Mr. Jones : My hon. Friend has put his finger on the issue. The Government are dismantling regional policies, and we know that that is injurious to the economy of south Wales. The Government's proposal will not help the economy of south-east Wales and elsewhere--
Column 537Mr. Jones : There are inconsistencies. For example, regional economic policies are operating across south Wales in a bid to regenerate the economy. Most of south Wales has assisted area status and qualifies for regional aid and other incentives. The Secretary of State for Wales has launched his so-called valleys programme as a recognition of the problems of south Wales.
The Government's proposal to double the tolls on the Severn bridge runs against their professed objective of a regional policy in south Wales. Increased tolls, on the quickest and most efficient route into south Wales are being proposed when local authorities, the Welsh Development Agency and other Government agencies are trying to attract business to the region.

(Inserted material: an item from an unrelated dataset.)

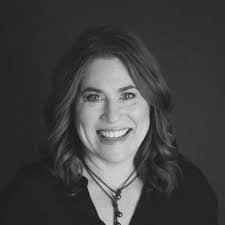 Kathy Wooding's Instagram, Twitter & Facebook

An increase in tolls will be a further burden on Welsh business. High interest rates are hitting businesses in south Wales. The region has suffered redundancies at the Hoover plant and the Freight Transport Association has expressed its astonishment and dismay at the proposed doubling of tolls. The FTA states :
"Contrary to the Government's claim that the present tolls are lower in real terms than they were 20 years ago, the present toll for lorries is 800 per cent. higher than it was in 1968, which is an increase of 25 per cent. in real terms."

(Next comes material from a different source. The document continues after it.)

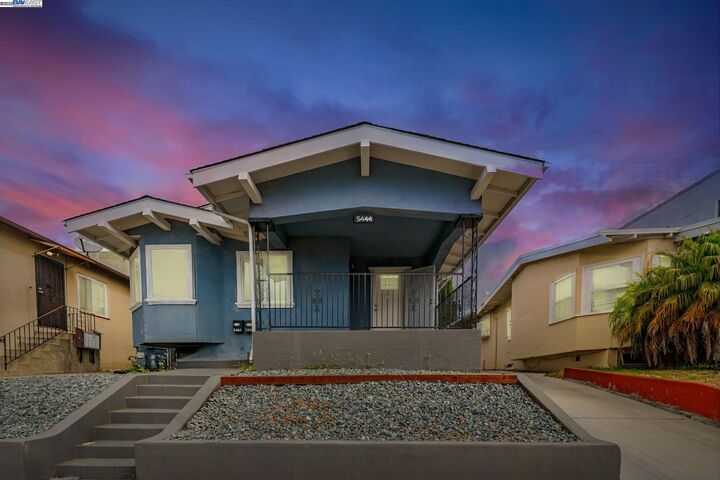 Property Photo: 5444 Bancroft CA 94601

If the toll were to be doubled, it would have risen by 1,600 per cent. over 20 years--an increase of 135 per cent. in real terms. Mr. Allason rose--
There is also the interesting question of how valid Department of Transport traffic forecasts are. To be lawful, the Secretary of State must ensure that the income produced by the toll does not exceed the required purposes set out in the Severn Bridge Tolls Act 1965. At the time when the Government's proposal to increase tolls was announced, the Secretary of State for Transport stated that he had used traffic forecasts not available at the time of the inquiry. One assumes that they were consistent with those presented at the inquiry, but how can the Government be certain that the inspector would have arrived at the same conclusion, had the new traffic forecast been before him? That seems a highly irregular and dubious way of arriving at such an important decision.

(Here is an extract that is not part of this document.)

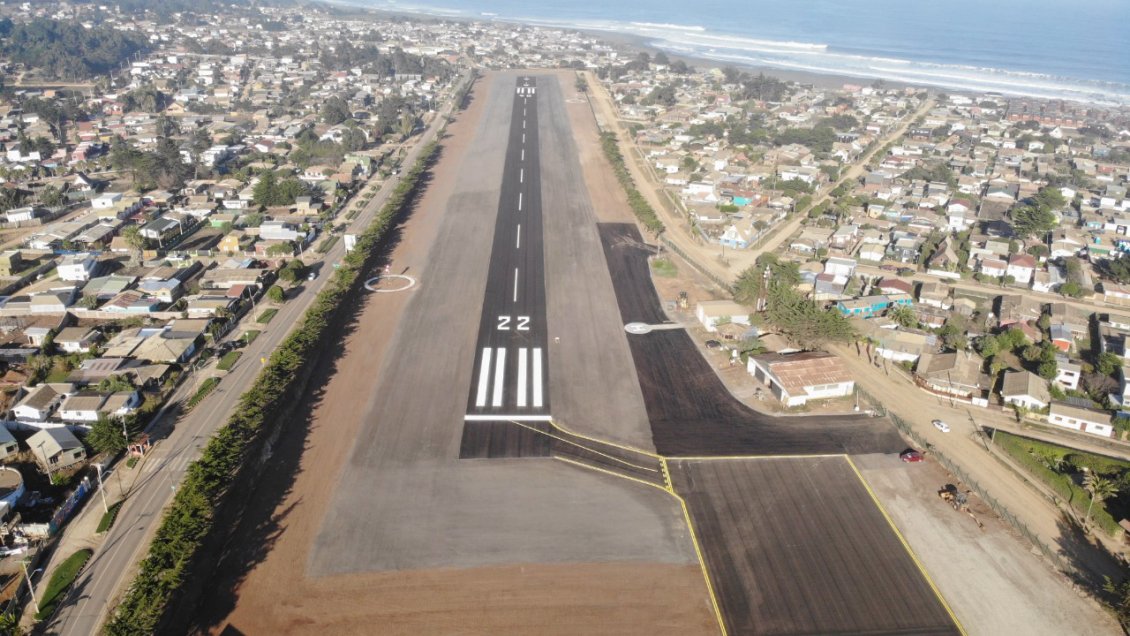 Inauguran nueva pista en aeródromo de Pichilemu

Several Hon. Members rose--
Mr. Jones : I do not propose to give way. I note that the hon. Gentleman who seeks to intervene represents a Merseyside constituency. There seems to be only one Welsh Back Bencher present on the Conservative side of the House. One wonders what has become of the others.
Mr. Marland : On a point of order, Madam Deputy Speaker. I seek your guidance on that utter irrelevance. It is not only those right hon. and hon. Members who reside in Wales who have an interest in the subject. I represent the royal forest of Dean--
Mr. Jones : It is interesting to note that there is only one Welsh Back Bencher present on the Conservative side. One wonders where the others are. We thought it important to pray against the order because we know of the significance of the increased tolls and how injurious they will be to the economy of south Wales. Where are Conservative Back Benchers from Wales when this important measure is being debated? They are not here.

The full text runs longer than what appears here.